The language is also a language of the linguistic minority in Italy, Slovakia, Poland, Russia, Kazachstan, and Denmark. So, Germany itself there are so many countries where German has its form and versions which makes the language so uniquely diverse.
Germany’s natural diversity plays a significant role in the birth of so many dialects. Naturally diverse regions have diverse regional character and cultural expressions. The cultural expression of a region is articulated best through the regional dialects.
The reunification of East Germany and West Germany 1990 integrated more dialects into the system making the language richer.
How should dialects influence Your German Learning?
A dialect is more than just a vocabulary. It is a linguistic system with its own set of rules.
The term ‘dialect’ descends from the Greek expression ‘dialektika’ meaning conversation and exchange of thoughts.
What is spoken, is not always written. German dialects follow the same traditional saying when it comes to proverbs.
When you are travelling in Germany it is quite natural you interact with people from different regions. As it goes, you get to know and hear the regional dialects of these different regions. They are so melodious in their own way.
Hochdeutsch or standard German is good to begin your German learning journey. But dialects shape your thoughts and love for the language.
A bond grows between you and the language through dialects.
Which German dialect is taught in schools?
Every school follows an education policy set by the Government machinery.
Hochdeutsch or the Standard German is the official language of Germany which is used for all official means of communication. So, going by that the Standard German is followed and taught in schools as per the Education policy of Germany.
In the domain of media, politics and education Standard German has no substitute.
What are the benefits of learning German and the Different German Dialects?
German is quite diverse. There is a plethora of German dialects that enrich the language.

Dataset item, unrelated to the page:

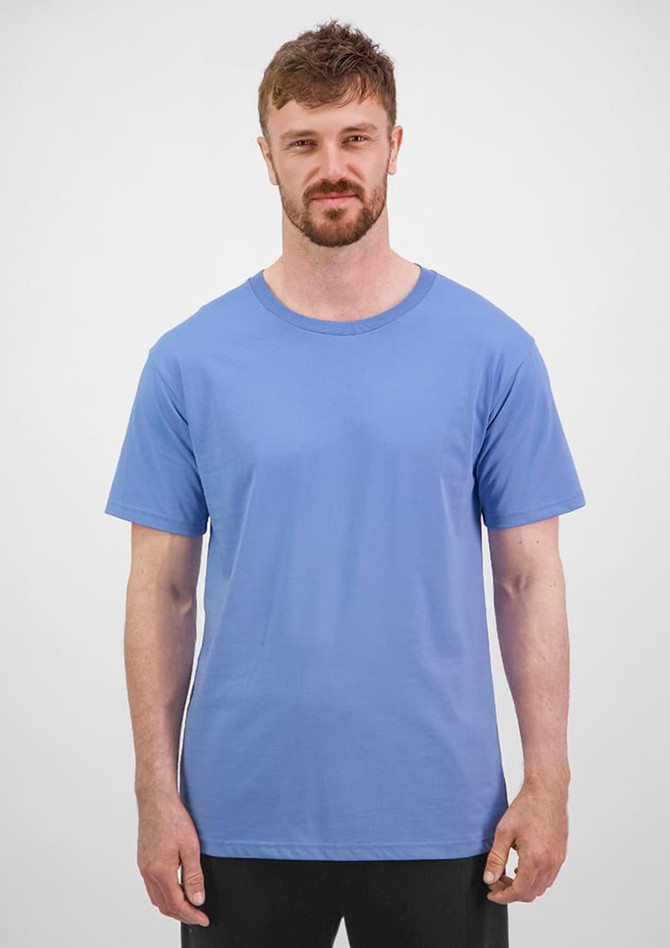 A short sleeve tee in a light blue colour, featuring a logo and worn by a male model.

Some dialects are so different from the other that even speakers of one regional dialect face a task to understand the other dialects.
German is one of the most important languages spoken throughout the world. People come in large numbers in Germany in pursuit of a career, jobs, business and tourism. As we have discussed earlier, in Germany you must know German to enter the territory.
As Germany is a land of linguistic and cultural diversity, it is highly recommended that you know German in all its forms and hues to settle here with the quintessence of the language and its different branches known as dialects.
It will benefit you immensely as you come across the myriad contours of German language and each dialect.
Which German should I learn?
To be honest, that is a difficult question to answer.
To begin with, the Standard German is the one you should begin with when you are a foreign national. Because before you put your footprints on the land that is what is required to do without which you can not set your foot on the territory of Germany.
After doing this, let’s fall in love with any dialect you want. Speak German regionally and absorb the flavour.
German dialects are so beautifully diverse! Let’s swim in the ocean rather than stay in it.